Putting this equation of $y$ into the second differential equation yields:

$$\frac{dz}{dx}=3y^2+3zy,$$

which is a linear differential equation with respect to $x$. Now, it can be solved as usual, and after solving my answer turned out to be:

$$(z+y)e^{-3yx}=C$$

Now, this answer does not match with any of the following four solutions that were provided:

• $(z+y)e^{3x}=C$
• $(z+3y)e^{-3x}=C$
• $(y-z)e^{3x}=C$
• $(z+3y)e^{3x}=C$

What did I do wrong?

Answer 1

Solve the second equation first

$$z'=3z \implies \int \frac {dz}{z}=3\int dx \implies \ln |z|=3x \implies z=Ke^{3x}$$ Now you can susbtitute $z$ in the first equation $$y'=2y+z \implies y'-2y=Ke^{3x}$$ You can solve that last equation easily....

Answer 2

$z$ is a function of $x$, so the first step in your solution is wrong.

Solve the second first to find $$ z(x)=Ce^{3x} $$ now you can tackle the first by substituting $z$.

Answer 3

In the context of a multiple choice question, you don't necessarily have to solve the system to arrive at the answer. Note that subtracting the 2 equations give

$$ \frac{dy}{dx} - \frac{dz}{dx} = 2y - 2z $$ $$ \frac{d}{dx}(y-z) = 2(y-z) $$

This gives $$ y-z = Ce^{2x} $$

or $(y-z)e^{-2x} = C$, which is unfortunately none of the options given.

Answer 4

For some reason the author of your exercise seems to have mixed up left and right eigenvectors. For the linear combinations that decouple the system you need the left eigenvectors, for the solutions you need the right eigenvectors. The left eigenvectors of $\pmatrix{2&1\\0&3}$ are $\pmatrix{-1&1}$ for eigenvalue $2$ and $\pmatrix{0&1}$ for eigenvalue $3$, where the first one gives the answer by Dylan.

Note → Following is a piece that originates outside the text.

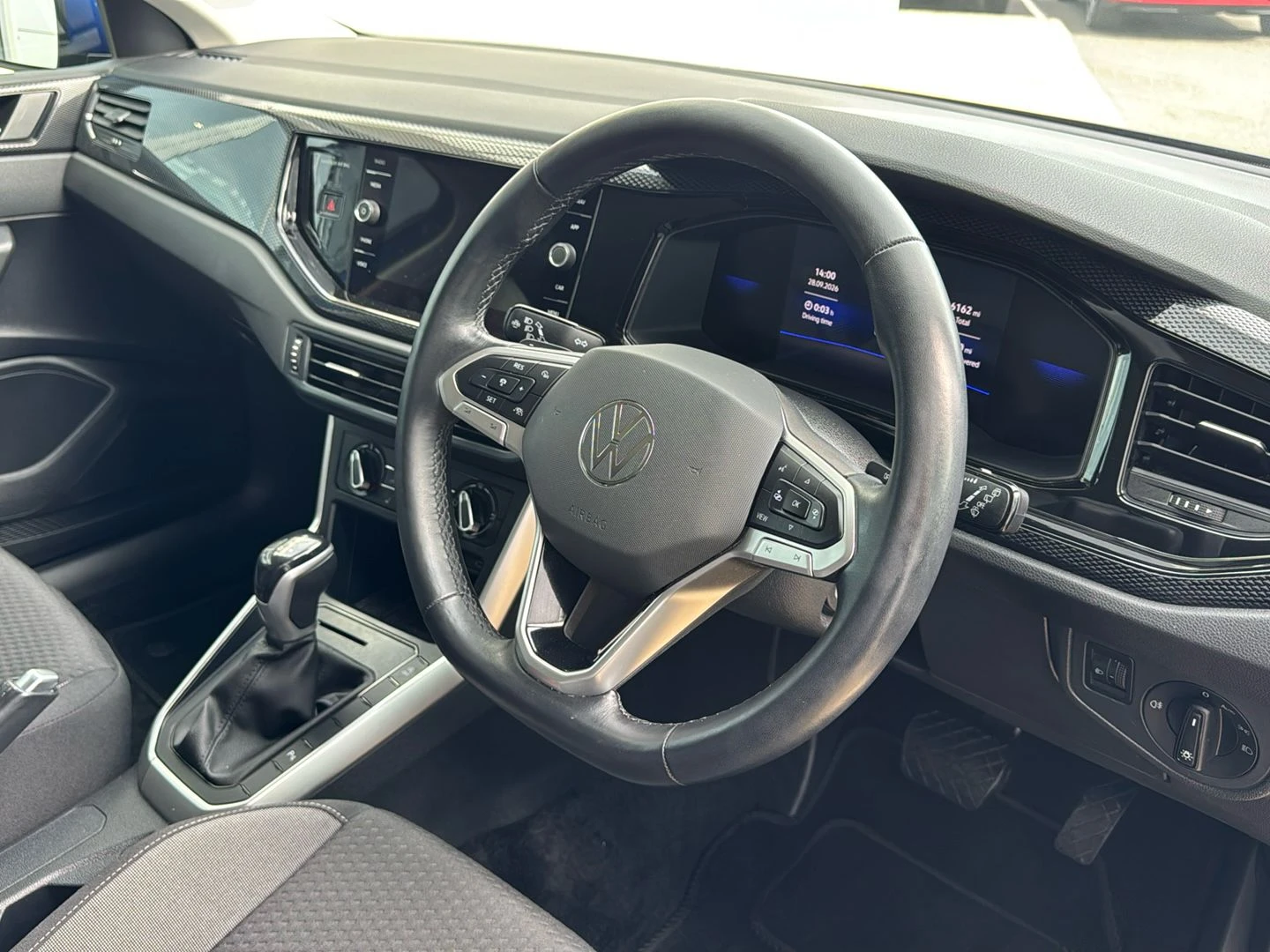 Volkswagen-Polo-image-19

The right eigenvectors in contrast are $\pmatrix{1\\0}$ for eigenvalue $2$ and $\pmatrix{1\\1}$ for eigenvalue $3$.

Now if one were to consider the ODE with the transposed matrix, \begin{align} y'&=2y\\ z'&=y+3z \end{align} the left and right eigenvectors would change position and one would get for $\pmatrix{1&1}$ the equation $$ y'+z'=3(y+z)\implies y+z=Ce^{3x}. $$ which would be a mix of the first and second variant, $(z+y)e^{-3x}=C$.